Split the evaluation:

| Component |
What to check |
| Retrieval |
Did the system retrieve the right documents/chunks? |
| Context use |
Did the answer use the provided context? |
| Answer correctness |
Is the final answer correct? |
| Faithfulness |
Is the answer supported by the retrieved context? |
| Abstention |
Does it say “not enough information” when the answer is not in context? |
| Citation quality |
Do citations actually support the claim? |

This matters because a bad answer can come from different places:

- bad retrieval
- bad generation
- bad prompting
- bad chunking
- bad source data
- bad evaluation examples

Those need different fixes.

##
If this is a coding fine-tune

For coding models, I would avoid evaluating only with general chat/reasoning benchmarks.

Try to match the benchmark to the coding task:

| Coding task |
More relevant eval |
| Function-level generation |
Unit tests, HumanEval-like tasks, BigCodeBench-like tasks |
| Competitive programming |
LiveCodeBench-like tasks |
| Repo-level bug fixing |
SWE-bench-like tasks |
| Internal code assistant |
Your own held-out tasks from your codebase, with tests |

Also separate:

- code completion
- instruction-to-code
- test repair
- repo-level patch generation
- agentic issue solving

Those are different capabilities.

##
If you plan to deploy the model

Quality is not the only thing you might want to benchmark.

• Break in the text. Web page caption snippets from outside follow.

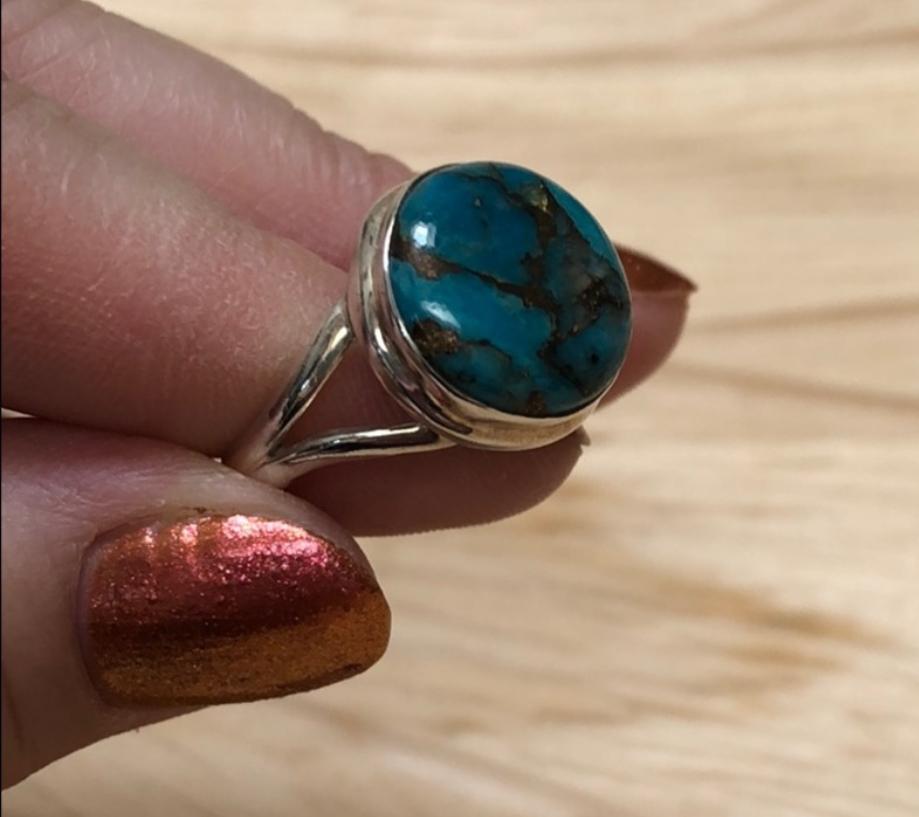 Modern Morenci Turquoise Sterling Silver Ring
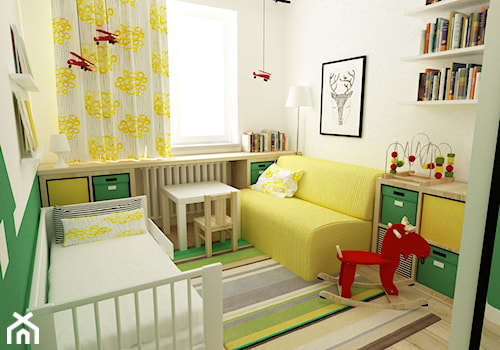 pokój dziecięcy - Średni biały zielony pokój dziecka dla dziecka dla chłopca, styl nowoczesny - zdjęcie od Grafika i Projekt architektura wnętrz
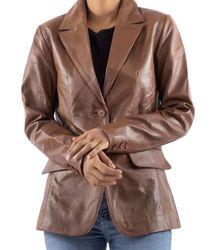 Luxurious Lambskin Leather Blazer - Classic 2-Button Style for Women in Cognac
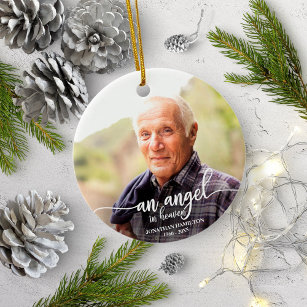 An Angel In Heaven Personalised Photo Memorial Ceramic Tree Decoration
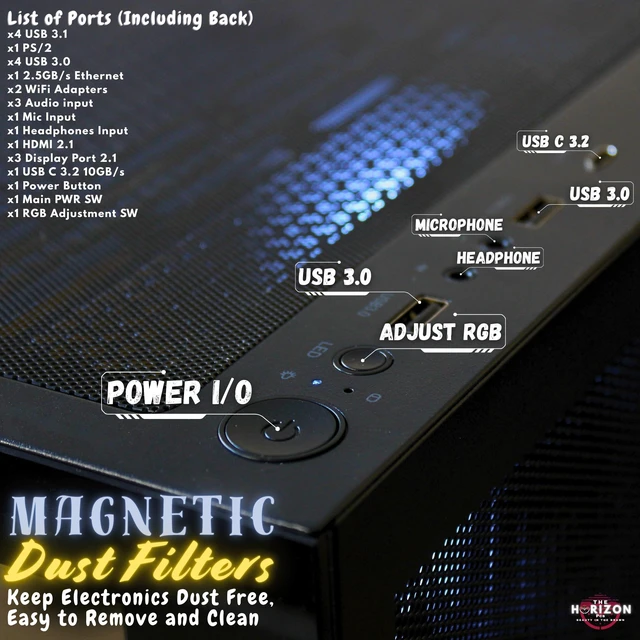 Alt view image 6 of 7 - The Horizon RGB I9 RTX Gaming Desktop Computer PC || Core I9 CPU Upto 5.3GHz || 32GB RAM || 2TB Storage || RTX 5070 || 360MM AIO || 1.2GB/s WiFi, VR and Gaming Ready || Windows 11 Pro
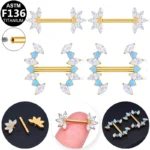 ASTM F136 Titanium CZ Nipple Ring For Nipple Piercing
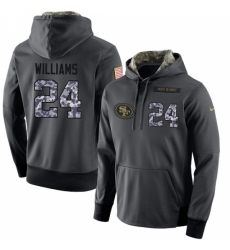 NFL Mens Nike San Francisco 49ers 24 KWaun Williams Stitched Black Anthracite Salute to Service Player Performance Hoodie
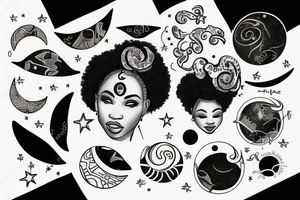 African women with a half moon tattooed on her forehead, big affro with planets laying on top of her hair tattoo idea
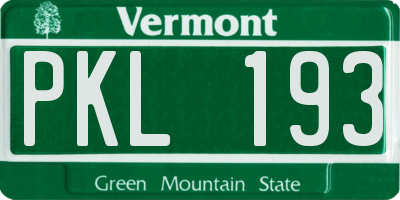 VT license plate PKL193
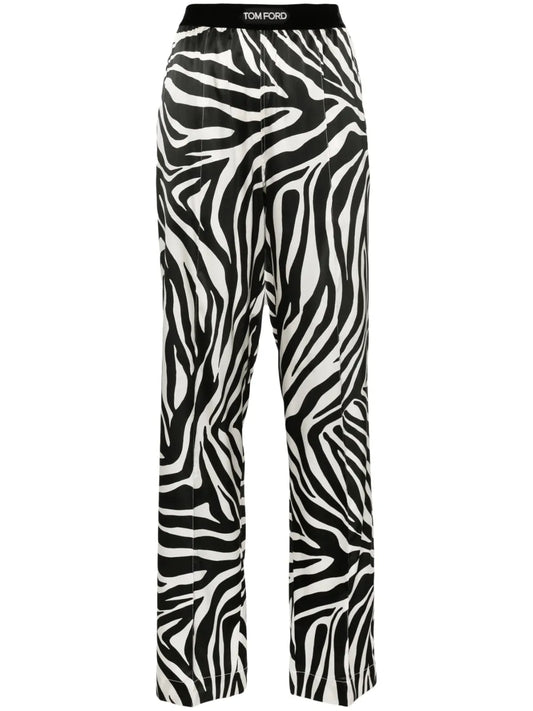 Zebra-Print Silk Trousers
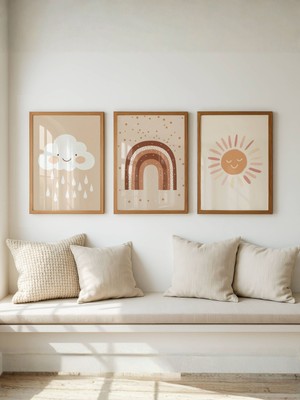 Fuart.Co Gökkuşağı, Bulut ve Güneş 3lü Dijital Baskı Poster (Çerçevesiz)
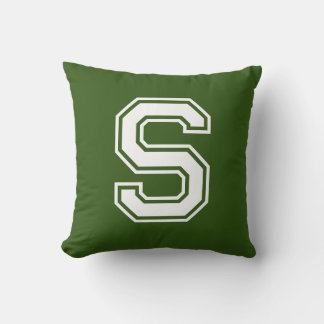 Cojín decorativo inicial del Personalizado verde o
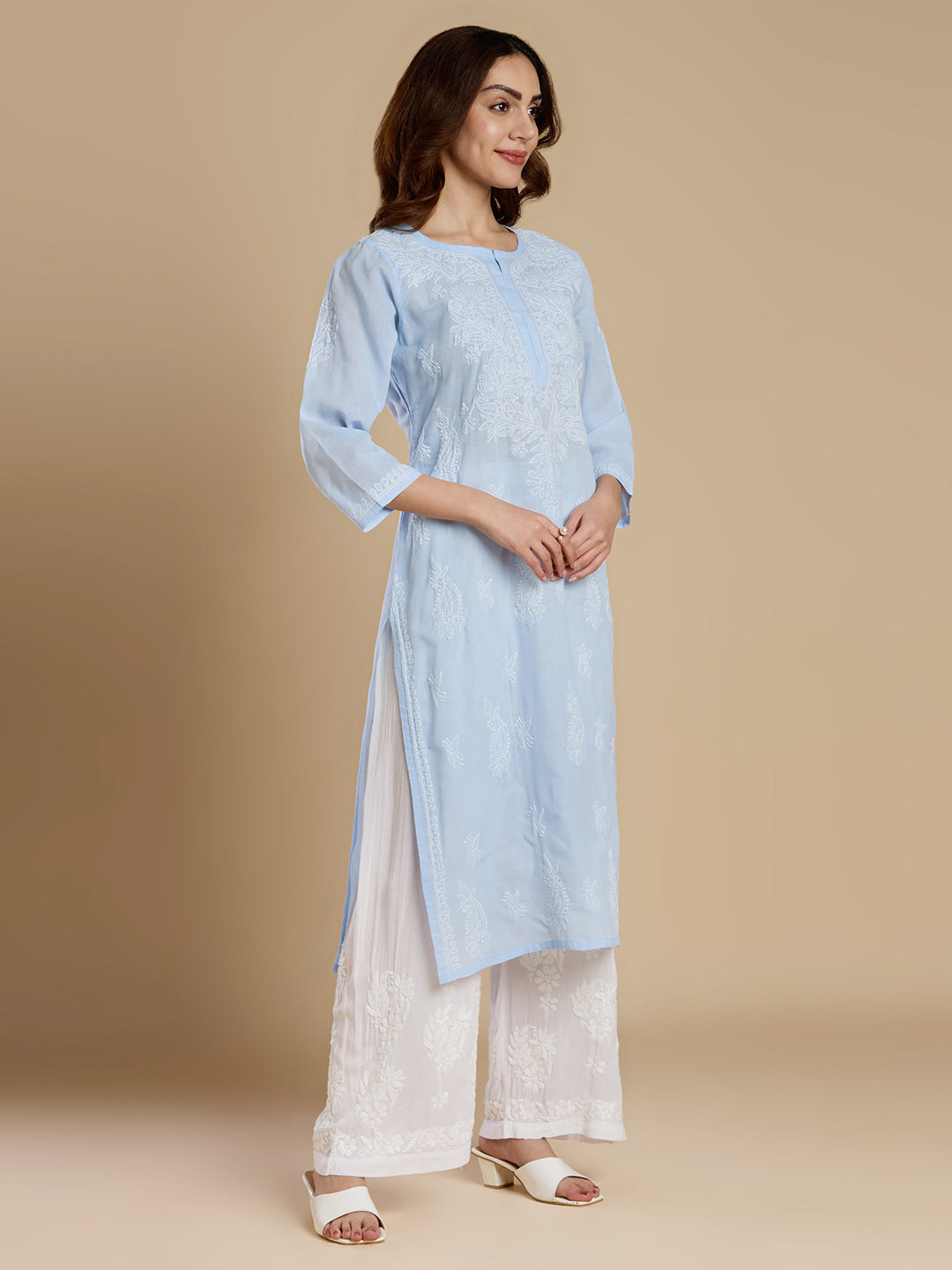Powder Blue Voil Cotton Lucknowi Chikankari Kurta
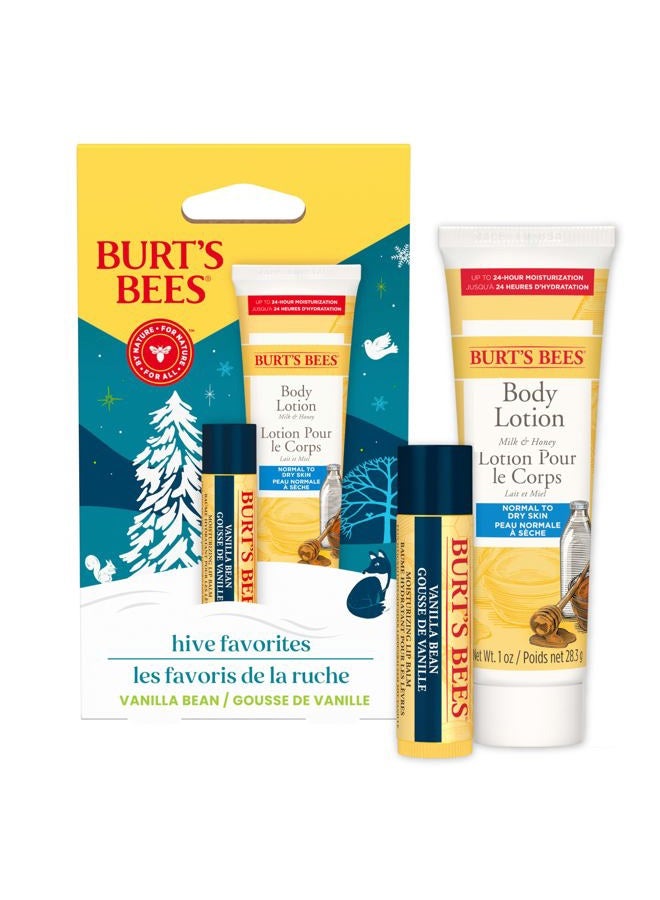 Burt's Bees Gift Set for Lip & Body, Vanilla Bean Lip Balm & Mini Milk & Honey Body Lotion, Hive Favorite Limited Edition - Image 1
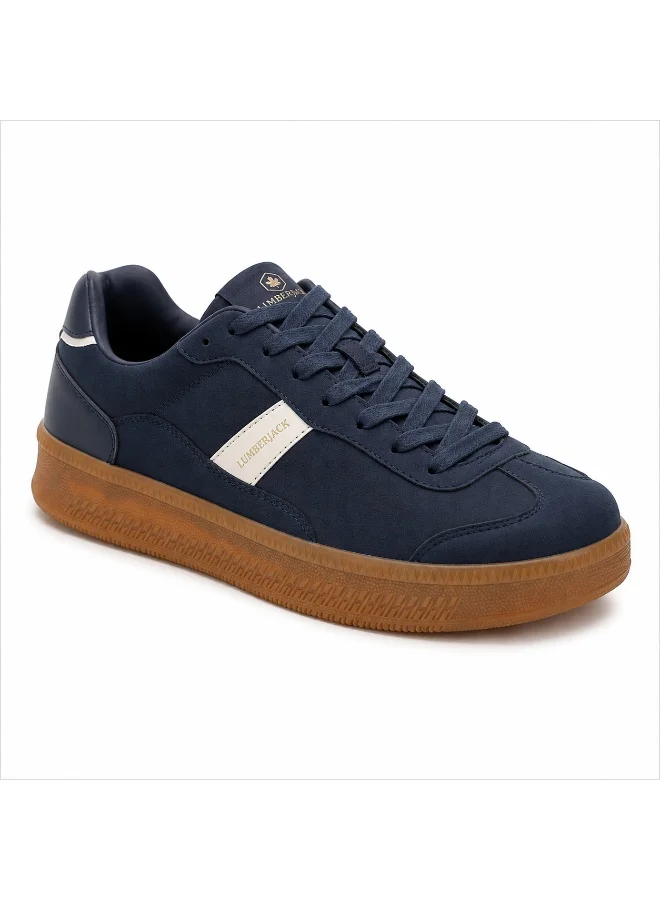 لامبرجاك Lumberjack Fofana Men’s Navy Blue Sneakers – Stylish Lace-Up Casual Shoes for Men with Gum Rubber Sole, Comfortable Everyday Fashion Sneakers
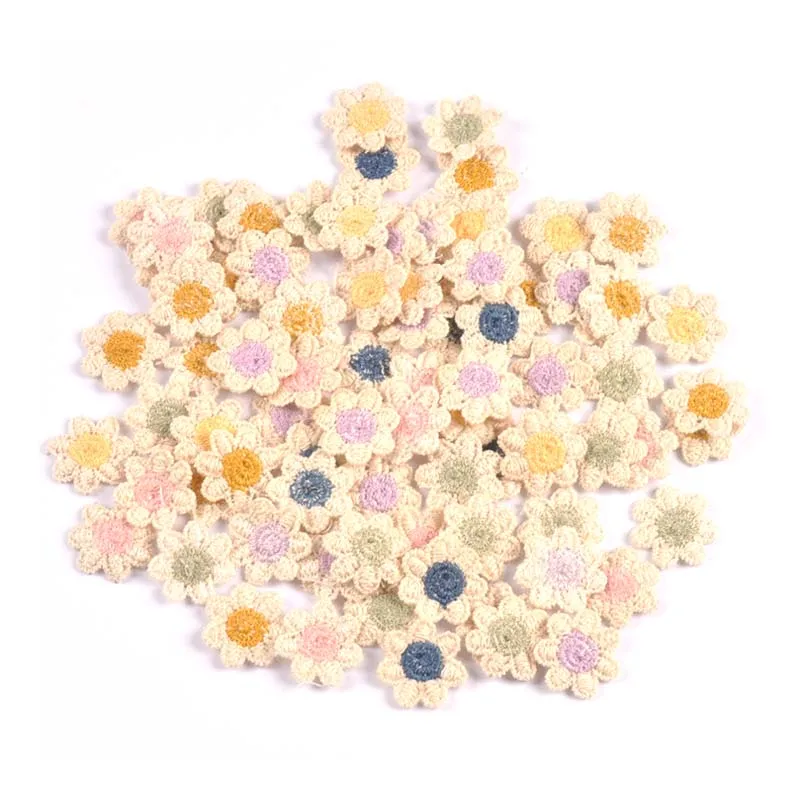 50Pcs/lot 20mm Mini Lace Flower Appliques for DIY Hat Clothes Sewing Supplies Headwear Decor Stick-on Patches cp3461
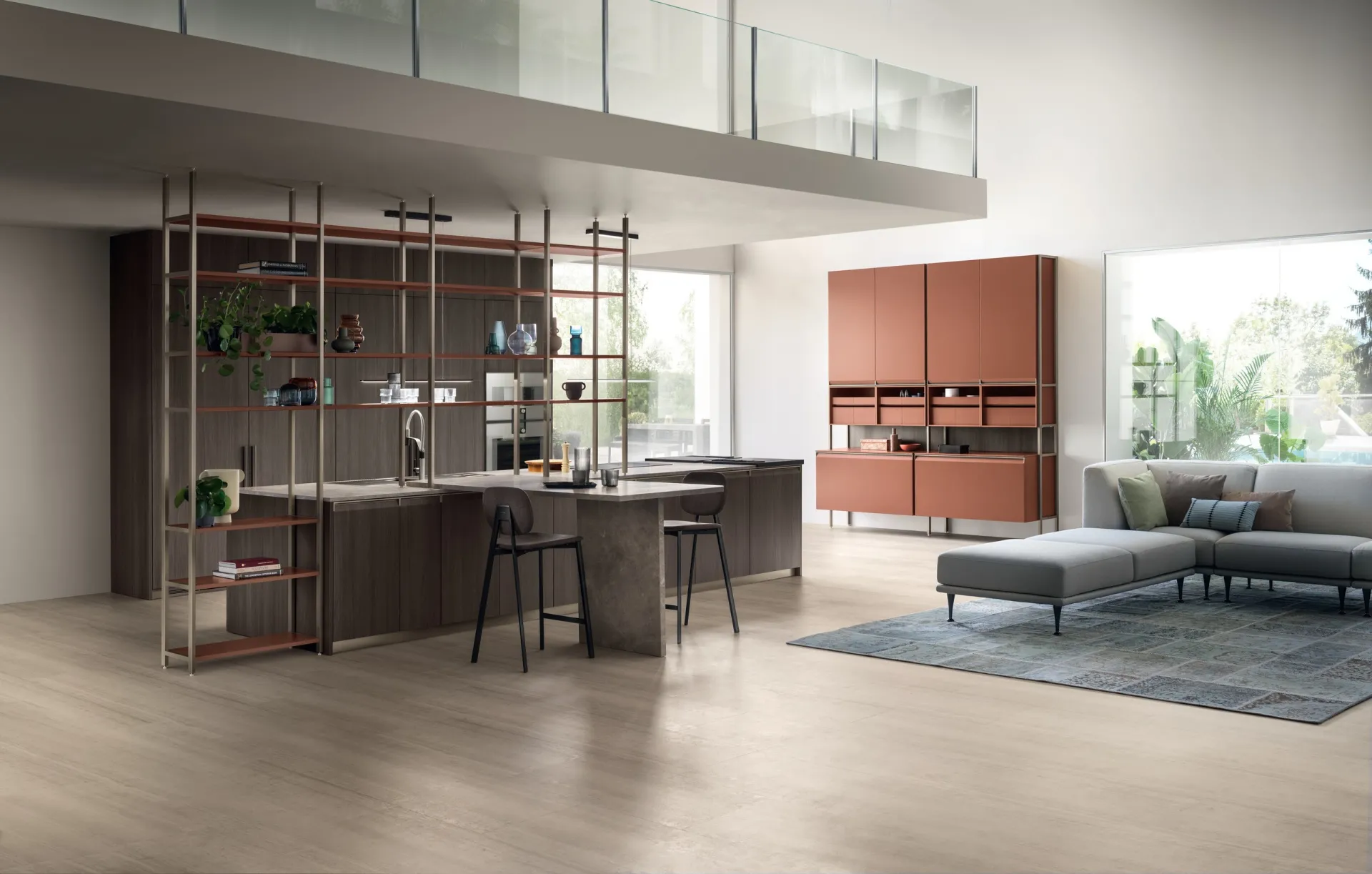 Cucina Formalia Scavolini con penisola e Sistema Parete Status che separa cucina e soggiorno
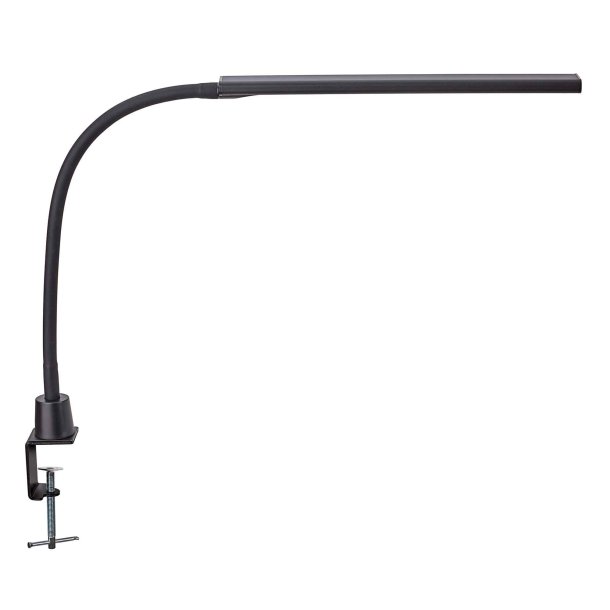 LED desk lamp with table clamp, black, MAULpirro
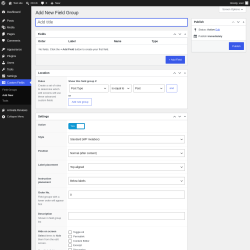 Page screenshot: Custom Fields &rarr; Add New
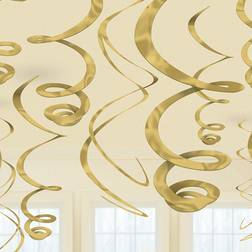 Amscan Loftdekoration Swirl Decorations Gold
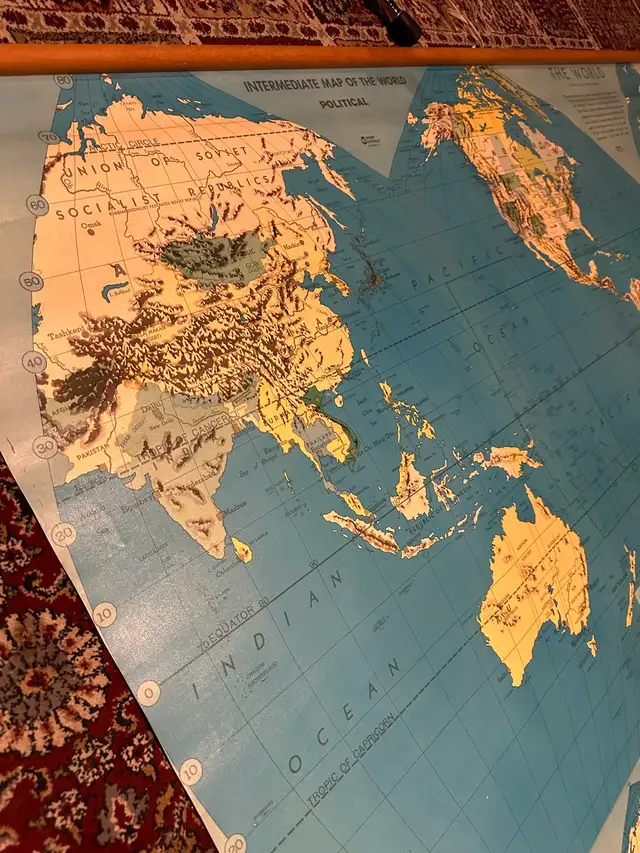 antique 60s WORLD MAP school classroom roll up poster63005666199041124
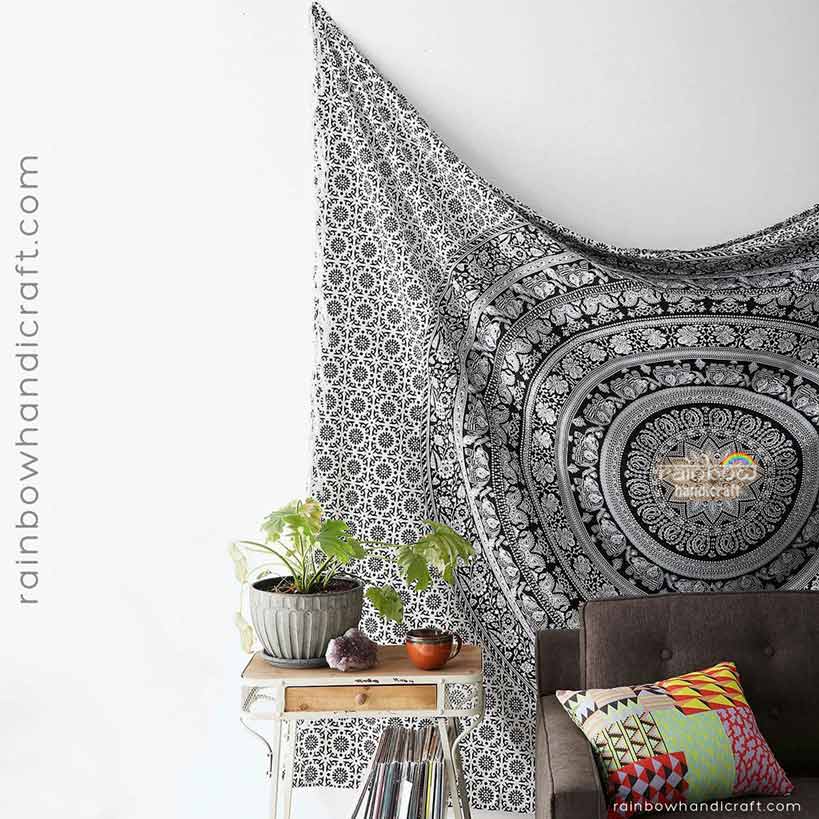black and white elephant Mandala tapestry free ship rainbowhandicraft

If you plan to serve the model, also measure:

- latency
- throughput
- VRAM
- cost per request
- context length
- max output length
- batch size
- quantization impact
- serving backend

But keep this separate from quality evaluation.

A faster model is not automatically a better model, and a more accurate model may still be too slow or expensive for the intended use.

7. Document the benchmark setup

If you publish the model or share results, make the benchmark reproducible enough for someone else to understand what happened.

Record:

- base model name and revision
- fine-tuned model name and revision
- whether it is LoRA/PEFT, QLoRA, or a merged/full fine-tune
- dataset name and split
- whether eval examples were excluded from training
- prompt template
- chat template
- decoding parameters
- metric
- benchmark tool and version
- hardware/backend, if reporting latency or throughput
- sample outputs or failure examples
- known limitations

Hugging Face model cards are a good place to document intended use, limitations, training details, and evaluation results:

There is also Hub support for structured evaluation results, although I would still document the plain-English setup clearly:

8. What information would help people recommend a concrete benchmark?

If you want more specific suggestions, I would add:

- What base model did you fine-tune?
- Is it LoRA/PEFT, QLoRA, or full fine-tuning?
- What task did you fine-tune for?
- What dataset did you train on?
- Do you have a held-out test set?
- Is the goal accuracy, instruction following, chat quality, formatting, coding, RAG, latency, or something else?
- Are you trying to publish a model card/leaderboard result, or just check whether the fine-tune helped?

With those details, people can suggest a much more specific eval setup.